Two of my favorite childhood toys are now in the Toy Hall of Fame. On Thursday (10/6/08), the stick officially joined the cardboard box as Hall of Fame material.
Sticks are such a universal toy. One of the first things I would do as a kid on a camping trip was find the perfect stick. Then I’d play with it throughout the weekend. It transformed into all kinds of magical items from a sword to a machine gun or a walking stick; sometimes it might be a javelin or spear; other times it might become a super key that unlocked a treasure vault or a castle.
A stick is the perfect toy: Free! And you can turn it into mulch when you are finished playing with it – reducing the amount of waste in a landfill.
I remember one Christmas when my grandfather was overwhelmed by all the toys my sister, cousins, and I were opening.
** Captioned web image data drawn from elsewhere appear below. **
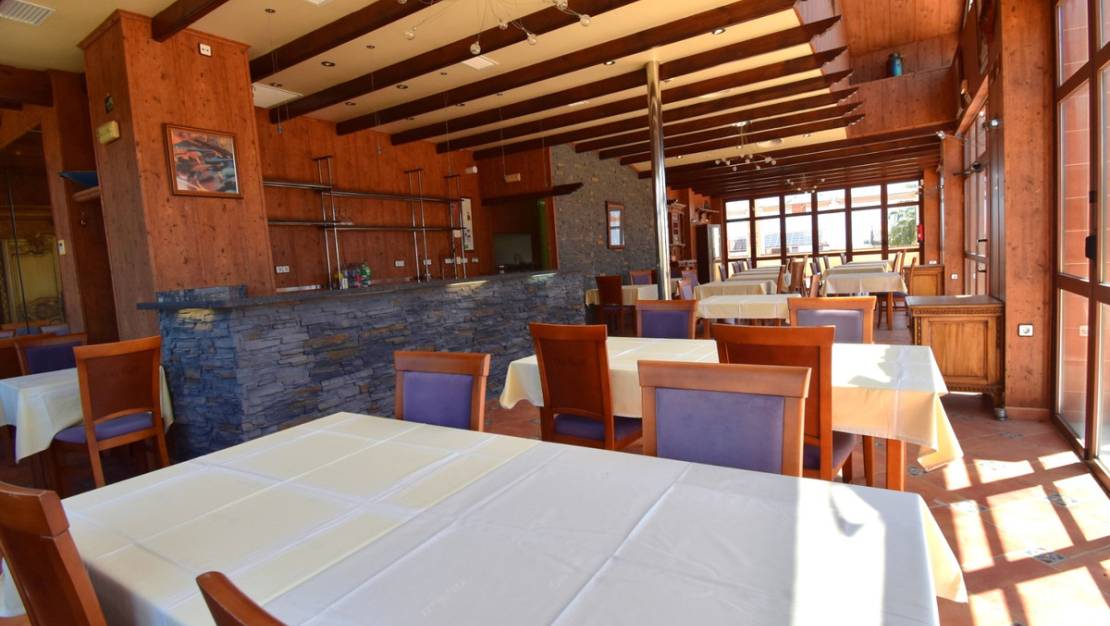 Sale - Commercial property - Orihuela - Los Dolses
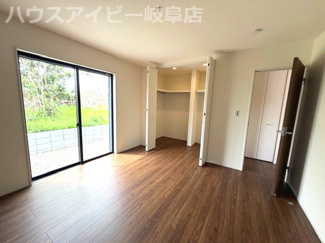 【洋室】 | 安八町氷取平屋の新築戸建全2棟！暮らしやすい家事動線が魅力の平屋建て！お車並列3台可能！ | 安八町氷取平屋の新築戸建全2棟！暮らしやすい家事動線が魅力の平屋建て！お車並列3台可能！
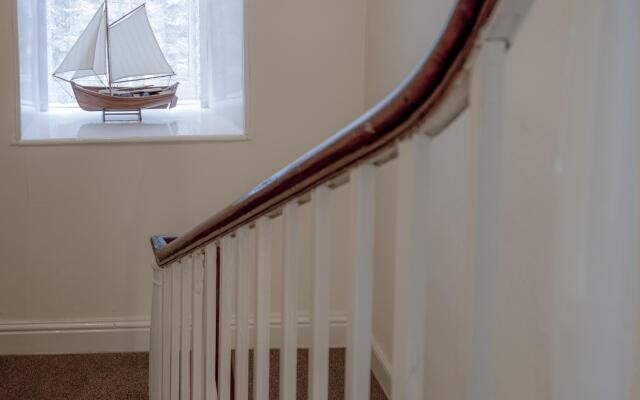 Dragons Den - 2 Bedroom Apartment - Tenby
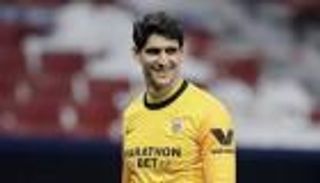 ياسين بونو.. حارس المغرب يتفوق على عمالقة أوروبا في 2021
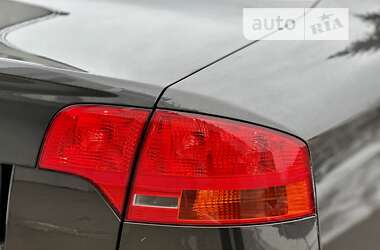 Седан Audi A4 2007 в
I heard him say (this is true) “When I was a child, we had sticks to play with – and we liked it.” All these years later and it finally dawns on me – he was right!
I’m happy to see that the stick is finally getting its due as a Hall of Fame toy.
Here are some excerpts from an article (if you would like to read more):
(click on the title to see the entire article)
By BEN DOBBIN (Associated Press Writer)
From Associated Press
November 07, 2008 12:16 AM EST
ROCHESTER, N.Y. – A magic wand, a fishing rod or a royal scepter?
The lowly stick, a universal plaything powered by a child’s imagination, landed in the National Toy Hall of Fame on Thursday along with the Baby Doll and the skateboard.
The three were chosen to join the Strong National Museum of Play’s lineup of 38 classics ranging from the bicycle, the kite and Mr. Potato Head to Crayola crayons, marbles and the Atari 2600 video game system.
Curators said the stick was a special addition in the spirit of a 2005 inductee, the cardboard box. They praised its all-purpose, no-cost, recreational qualities, noting its ability to serve either as raw material or an appendage transformed in myriad ways by a child’s creativity.
“It’s very open-ended, all-natural, the perfect price – there aren’t any rules or instructions for its use,” said Christopher Bensch, the museum’s curator of collections. “It can be a Wild West horse, a medieval knight’s sword, a boat on a stream or a slingshot with a rubber band. … No snowman is complete without a couple of stick arms, and every campfire needs a stick for toasting marshmallows.
“This toy is so fantastic that it’s not just for humans anymore. You can find otters, chimps and dogs – especially dogs – playing with it.”
Longevity is a key criterion for getting into the hall, which the museum acquired in 2002 from A.C. Gilbert’s Discovery Village in Salem, Ore. Each toy must not only be widely recognized and foster learning, creativity or discovery through play, but also endure in popularity over generations.